La frase es rotunda: el cinismo es lo más
elevado que se puede alcanzar sobre la tierra (das Höchste, was auf Erden erreicht werden kann, den Cynismus); para conquistarlo (erobern) hacen falta los puños más audaces y los dedos más delicados[65].
Se trata de elevarse hacia el cinismo y el promontorio logrado serían los
libros que Nietzsche delegó al mundo, que traen un cinismo que se convertirá en histórico universal. Pero por
defecto o por virtud no hace distinciones entre uno griego y uno moderno, ni en
general mayores distingos dualistas.
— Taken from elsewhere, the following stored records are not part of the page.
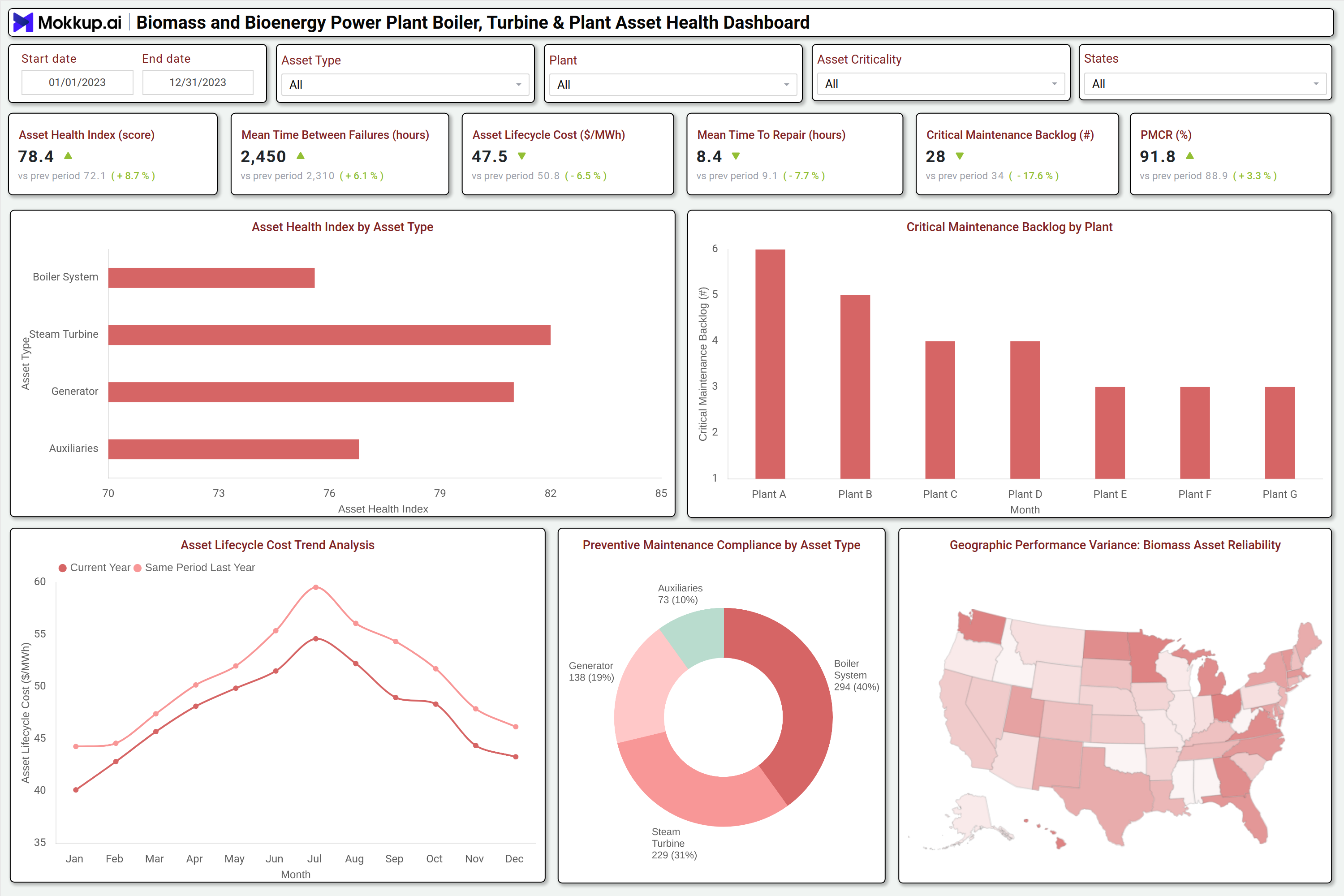Screenshot of Biomass and Bioenergy Power Plant Boiler, Turbine & Plant Asset Health Dashboard where dashboard is created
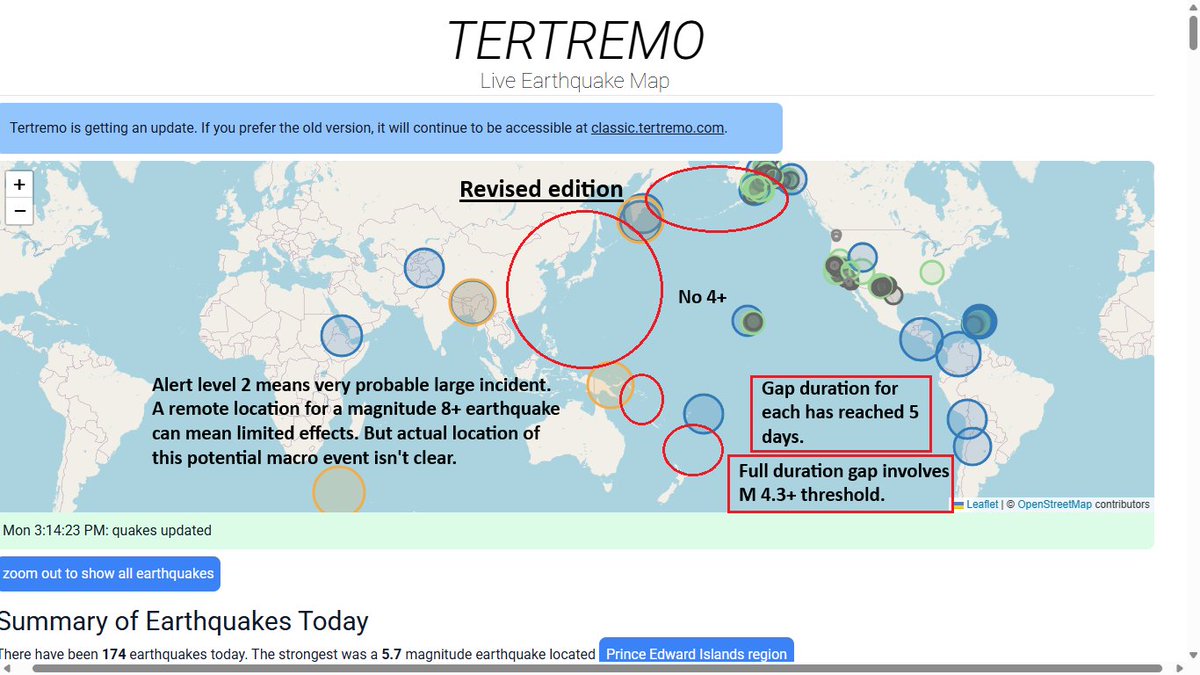 Macro level meaning (90) 사진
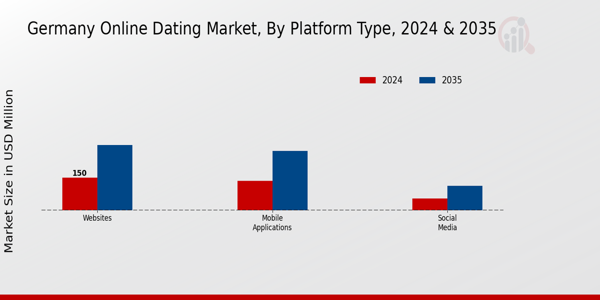 Online Dating Market Platform Type Insights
Percibe en el mismo cinismo antiguo este
oxímoron, sutilidad en la rudeza, una finura en lo burdo; la ferocidad y el
arrojo conllevan curiosamente ligereza y gracia tales como para pescar por lo
lateral los entretelones que envuelven y camuflan la carnadura de lo real. El cinismo es la única forma en que las
almas vulgares rozan lo que es la honestidad (Cynismus ist die einzige Form, in der gemeine Seelen an das streifen,
was Redlichkeit Ist). La ordinariez (Gemeinheit)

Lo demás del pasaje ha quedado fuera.